> WORK REQUIRED
Return the lines of the data below starting at the one holding "Thank you for" and ending at the one holding "At this point", word for word, leaving every picture out.

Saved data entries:
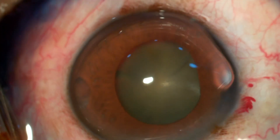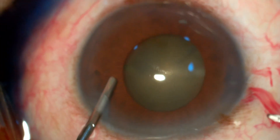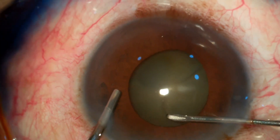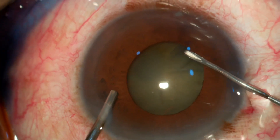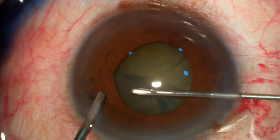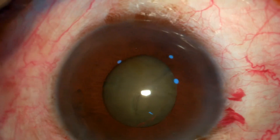After staining, I enter the capsule and put dispersive viscoelastic into the anterior chamber, then doing capsulorrhexis with a 26-gauge needle. My target capsulorrhexis size in these patients is around 5 to 5.25 millimeters, and after achieving the desired size I'm done.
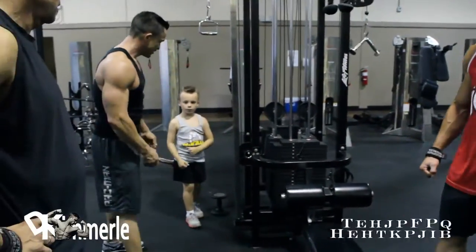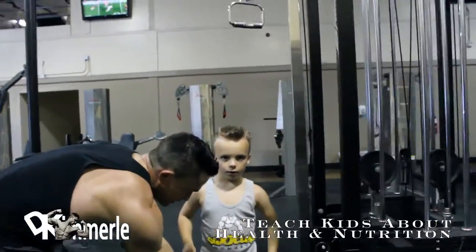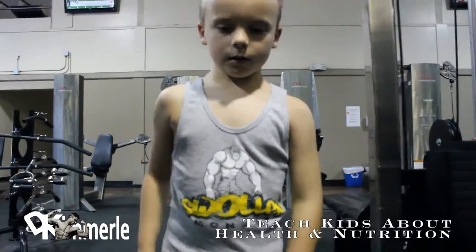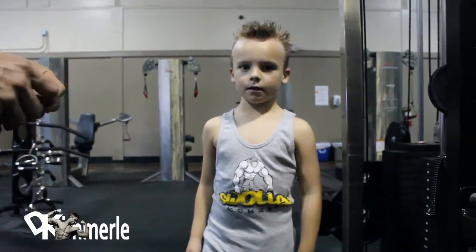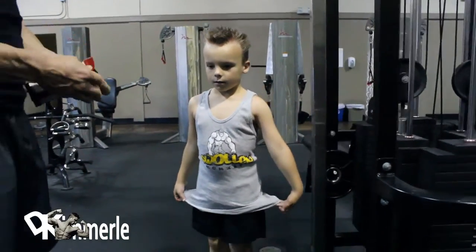Look at it, check it out! He's got his swollen monkey tank top on — awesome! Fully warmed up, and he's gonna eat a Metrex Protein Plus bar. This is intro workout.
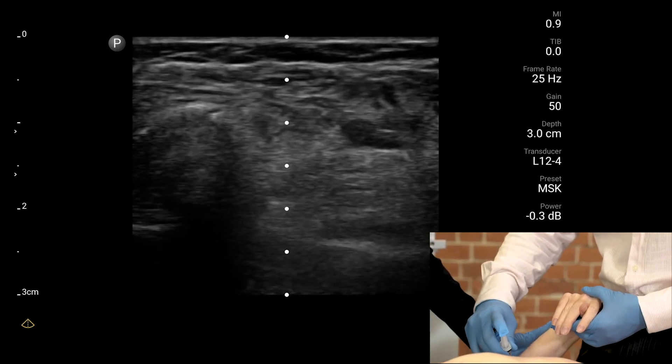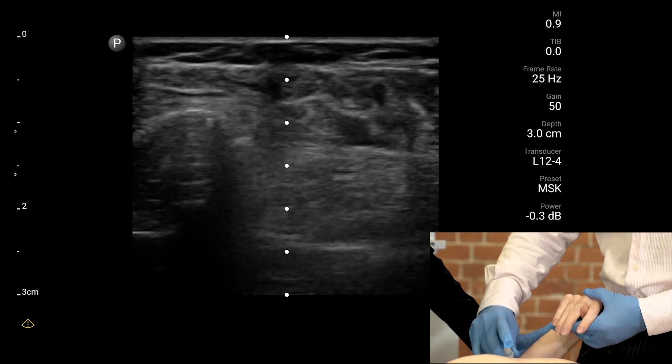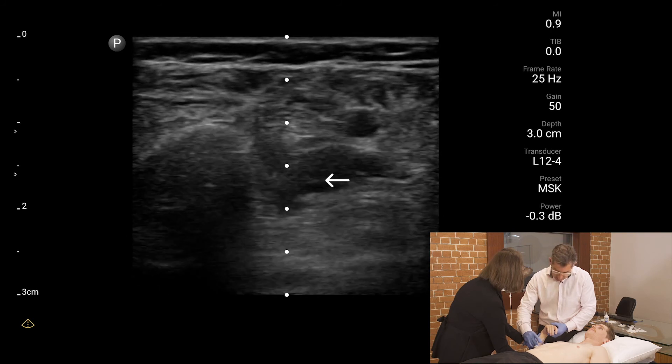Hold still. Scratch now. There he is. You can see the tissue being distended by the toxin as it works its way in.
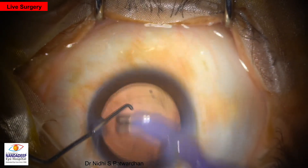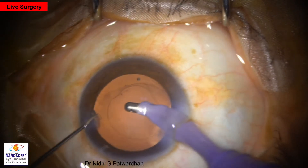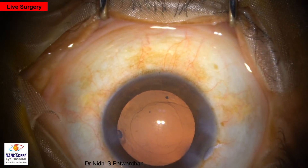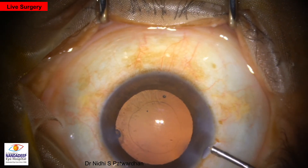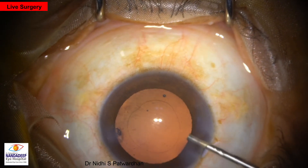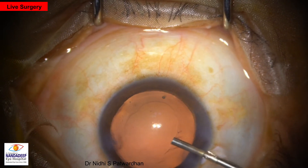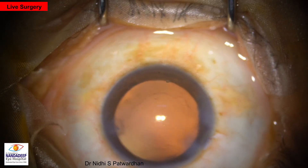We can do capsular polish. I generally do not do extensive anterior capsular polish because I feel that for the stabilization of the IOL, these anterior capsular cells are important — they fuse the anterior and posterior capsule and make it strong. Excessive anterior capsular polishing can lead to late subluxation.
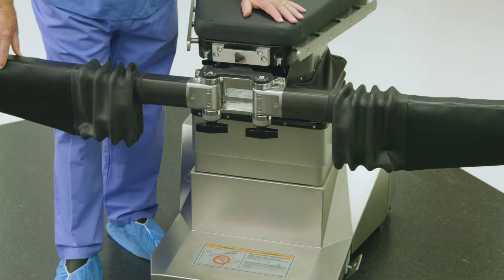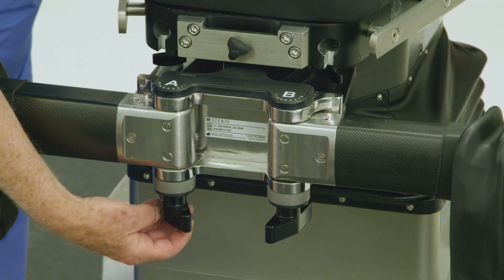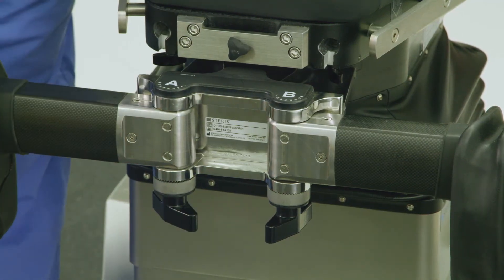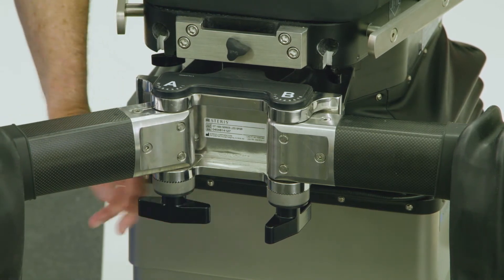To position the abductor spars for anterior approach total hip arthroplasty procedures, loosen the knob below the A rosette and set the A joint position to 6 or 7 for wide-hipped patients. Relock the A rosette handle.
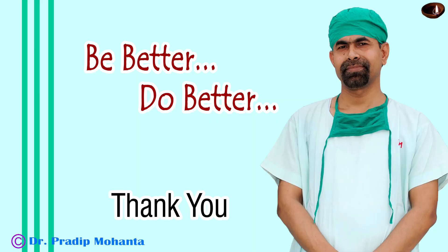Thank you for your attention. Hopefully this video provides tips and tricks to manage a morgagnian cataract with phacolytic glaucoma. Be a great surgeon and serve your patients with love, respect, compassion, and great surgical competence.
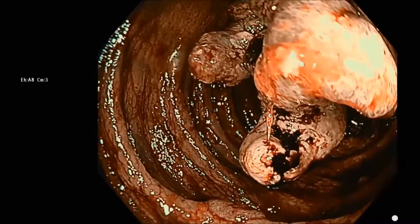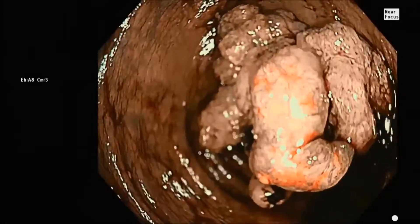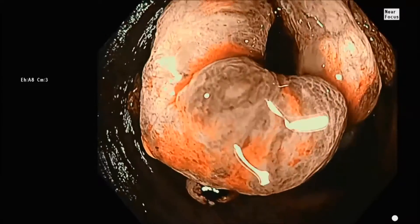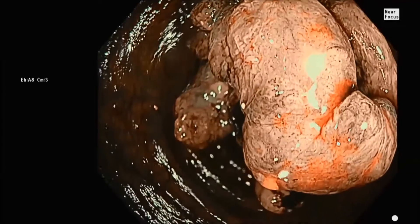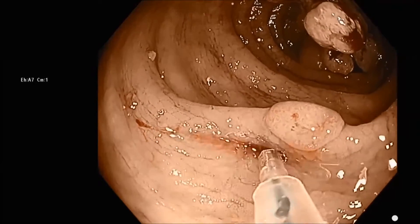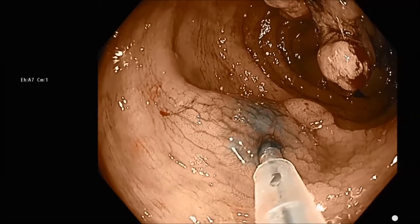At this point in the video, we're looking at a tumor. We can tell this is cancer because it's got this very ratty appearance. If you look at the surface, you can see that the vascular pattern is disrupted — that's the nice type 3 pattern. It tells us there's deep submucosal invasion.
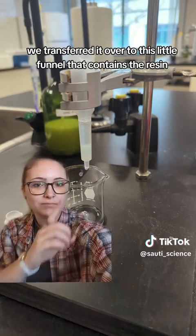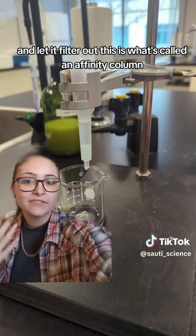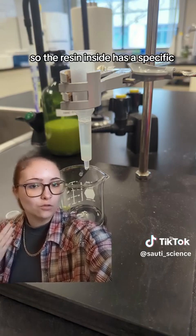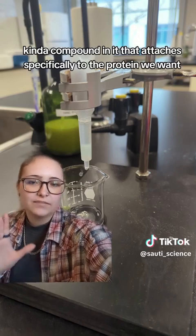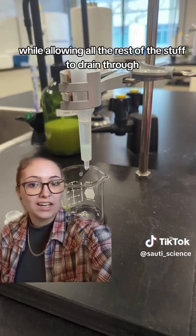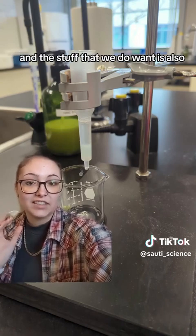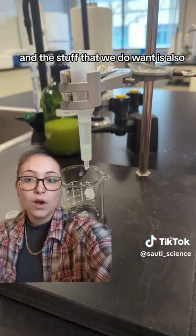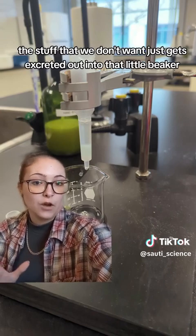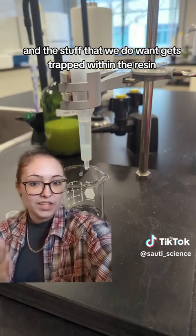After centrifuging, we transferred the solution to a little funnel containing the resin and let it filter through. This is called an affinity column. The resin inside has a specific compound in it that attaches specifically to the protein we want, while allowing all the rest of the stuff to drain through. So the stuff we don't want gets excreted out into a little beaker, and the stuff we do want gets trapped within the resin.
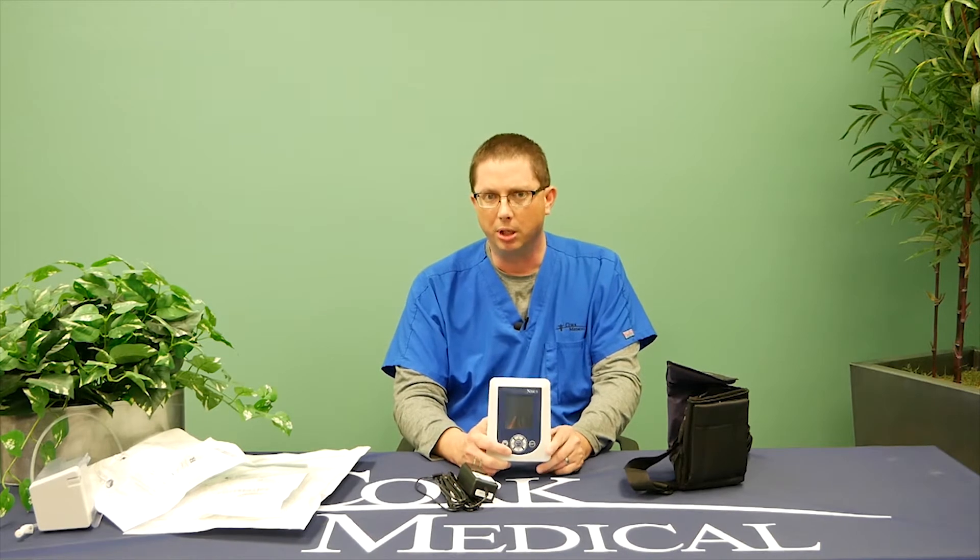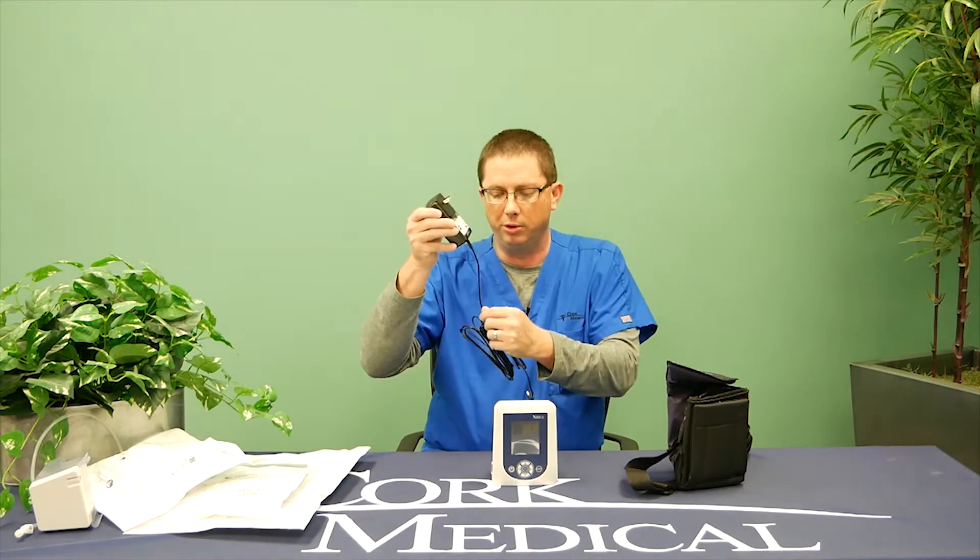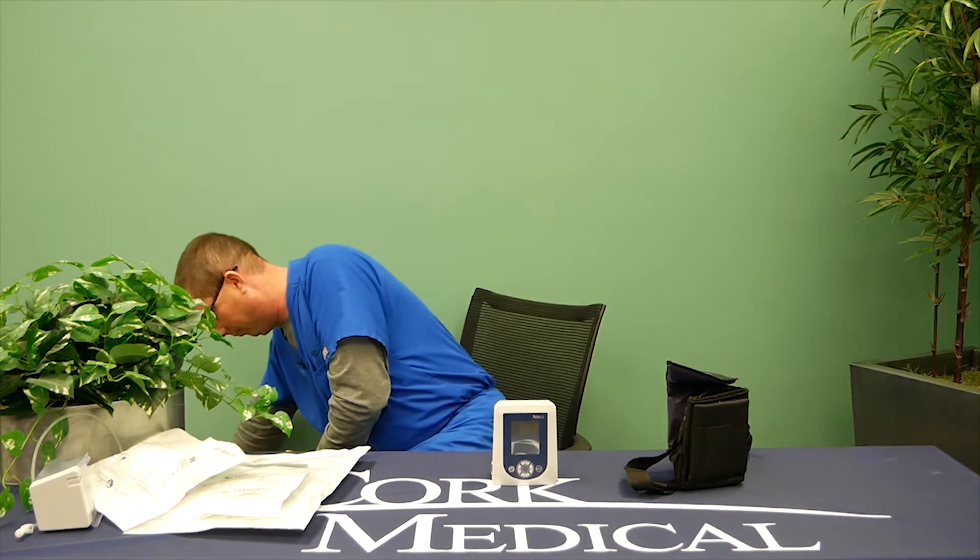One item to know about negative pressure — I want to reiterate — is that this pump is worn and taken with you 24 hours a day. The pump has an internal battery that will require charging. Most patients typically receive eight to 18 hours of battery life. Our recommendation is if you're sleeping or sitting in your chair, plug your charger into a 110 outlet, and ensure the outlet is not on a switch, because we don't want someone shutting off the switch and not being able to charge your device.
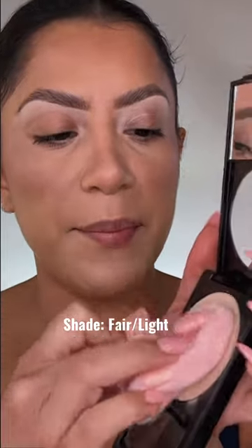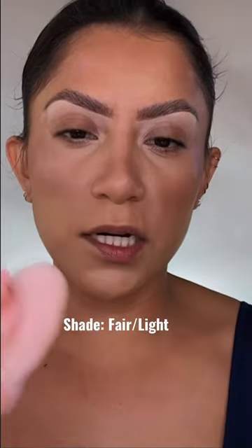A while back I got this viral Revlon blurring powder — it's supposed to be a dupe for the Charlotte Tilbury powder. I've tried it out a few times and I really like it, but I want you to see it in action. I'm gonna grab my powder puff — this is the elf powder puff.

> YOUR RESPONSE
Thank you for your attention. Hopefully this video provides tips and tricks to manage a morgagnian cataract with phacolytic glaucoma. Be a great surgeon and serve your patients with love, respect, compassion, and great surgical competence.
At this point in the video, we're looking at a tumor. We can tell this is cancer because it's got this very ratty appearance. If you look at the surface, you can see that the vascular pattern is disrupted — that's the nice type 3 pattern. It tells us there's deep submucosal invasion.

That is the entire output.